Aunque es verdad que siento más aprecio por mi perro que por muchas personas, no voy a caer en el momento tonto de usar el mismo rasero si de animales y de personas se trata, pero esta mañana me ha venido a la memoria cuando mi madre me llevó al colegio por primera vez, hace cuarenta y dos años. Entonces no había guarderías y muchas mujeres no trabajaban fuera de casa, así que, a mis cuatro años, era la primera vez que me iba a encontrar con un puñado de mocosos a los que no había visto nunca y adivinaba hostiles, y con una profesora que quizá no tendría motivos para mostrarse cariñosa conmigo. Un mundo desconocido para un pequeñajo, vaya, lejos de sus tebeos y de sus juguetes, donde tampoco podría comer lo que me gustaba. Ahora lo recuerdo con cariño, como todo el mundo, y una sonrisa me amuebla la cara mientras lo escribo, pero tampoco soy capaz de olvidar las náuseas que me provocaban las granadas y las peras (hay que comérselo todo, me ordenaban, y lo cierto es que son dos frutas que cada vez que las huelo me siguen dando ganas de vomitar aunque ya nadie me obligue a comerlas), y por supuesto permanece nítida en mi memoria mi madre alejándose por un sendero arbolado mientras un servidor lloraba sin consuelo. Ella siempre me dice que estaba más triste que yo, pero eso no podía saberlo entonces.

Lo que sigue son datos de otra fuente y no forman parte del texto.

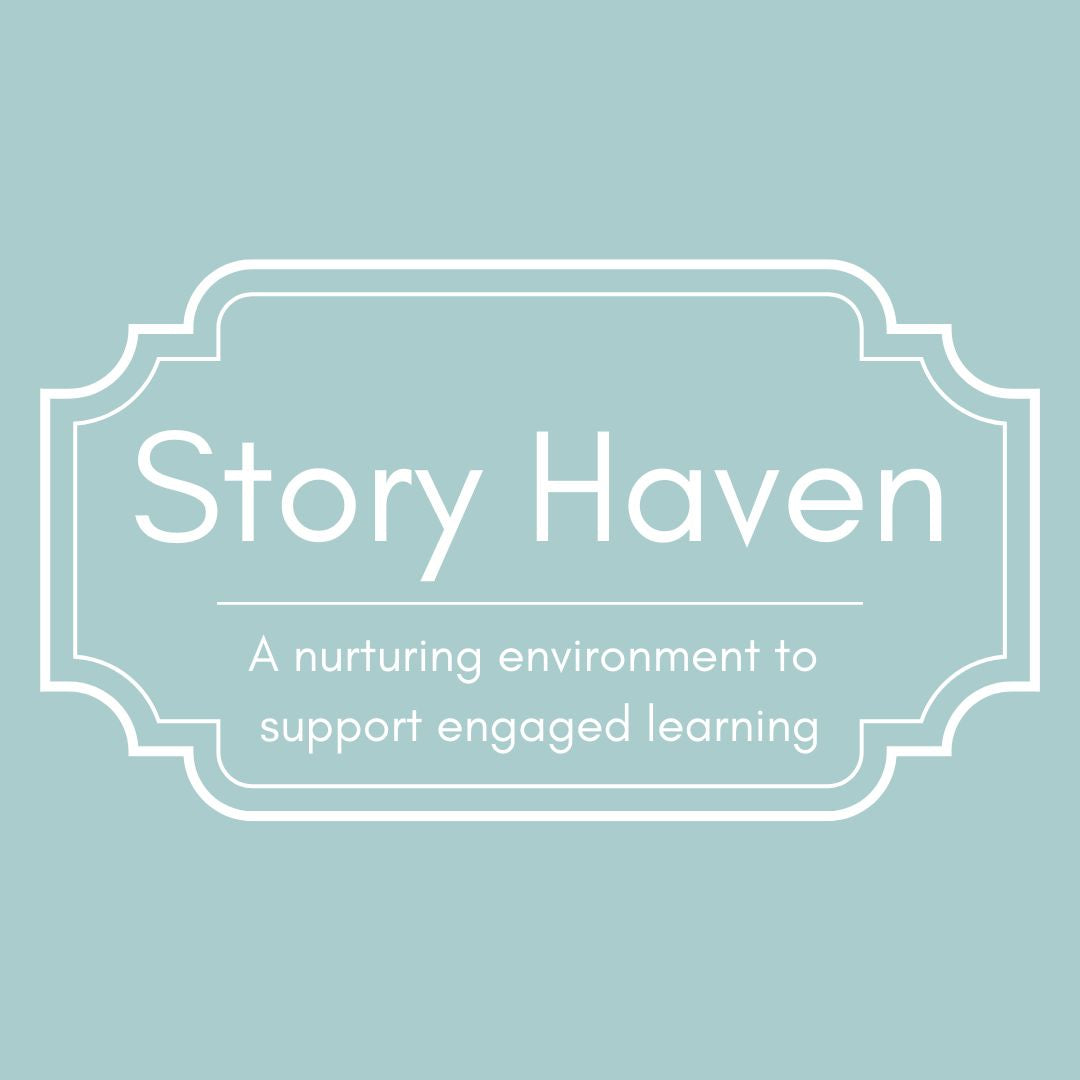 Story Haven (September)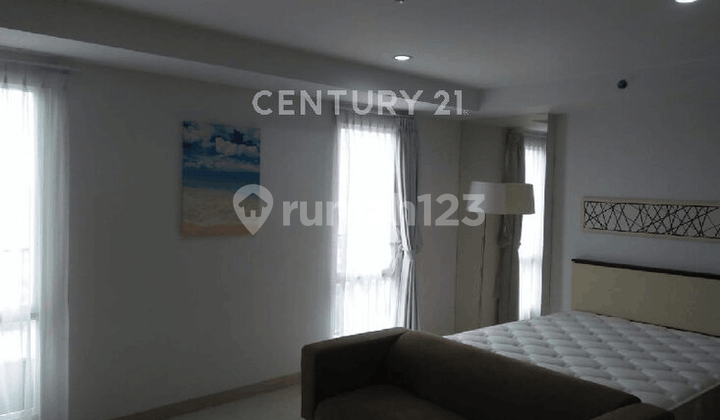Apartemen Bagus Azalea Full Funished di Cikarang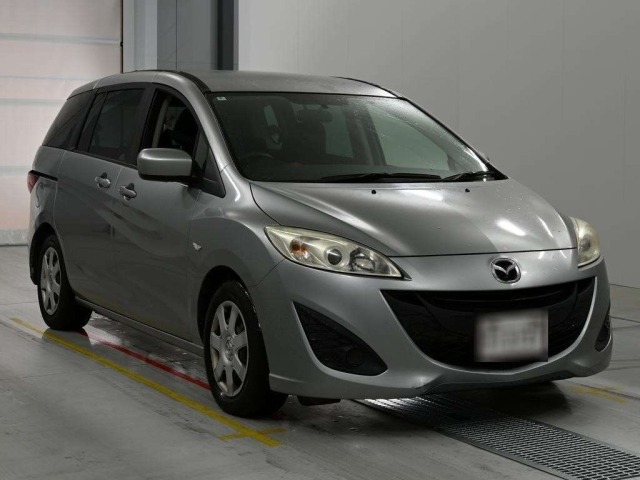 Mazda PREMACY 2010 7090730-5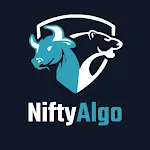 NiftyAlgo Trading Signals NSE | Indus Appstore | App Icon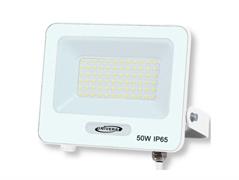 Faro led 50W bianco luce calda 3000k universo
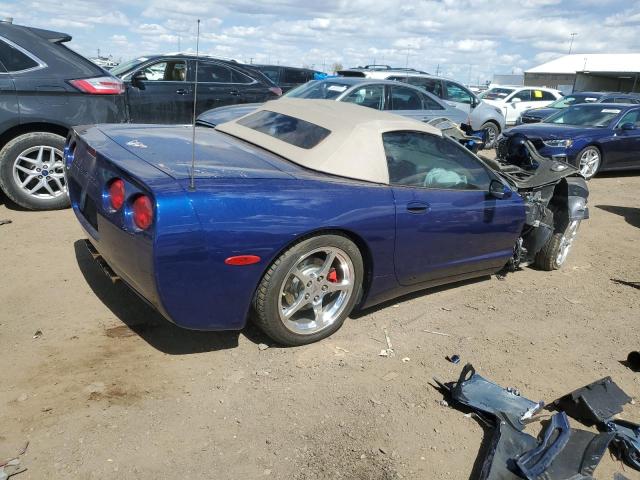 Photo 2 VIN: 1G1YY32G945109159 - CHEVROLET CORVETTE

Desde el verano pasado, cuando llegó con cuarenta y ocho días, Mowgli es uno más de la familia: para mí es un hermano pequeño, un hijo o un sobrino; para mis padres es otro nieto; para mi hermana es un sobrino y para mis sobrinos y para el perro de mi hermana es igual que un primo; y, bendita inocencia, para mi perro todo bicho que ande por la calle, bípedo o cuadrúpedo, es su amigo. Esta mañana lo he llevado a una guardería para perros, para probar un día, porque tengo viajes que hacer y ya es lo bastante grandullón para que alguien lo cuide. Me quedo más tranquilo si antes veo cómo se encuentra, si comerá, si estará triste, si lo tratarán bien. Mi madre le ha preparado la comida con el mismo cariño que a un nieto (seguro que le ha colado alguna chuchería); sólo va a estar fuera un día pero lo ha acariciado y lo ha abrazado como si se fuera a vivir a Nueva Zelanda, ella, que tanto miedo le dan los perros, y se ha asegurado de que en la residencia tienen mi teléfono, “para cualquier cosa, por si tienes que ir a recogerlo enseguida”.
Qué curioso que un perro consiga transportarte en el tiempo, que por un momento vuelvas a ser un enano, que sepas exactamente lo que siente, lo que ve a través de sus ojos ambarinos al encontrarse en un lugar desconocido donde tendrá que valerse por sí mismo.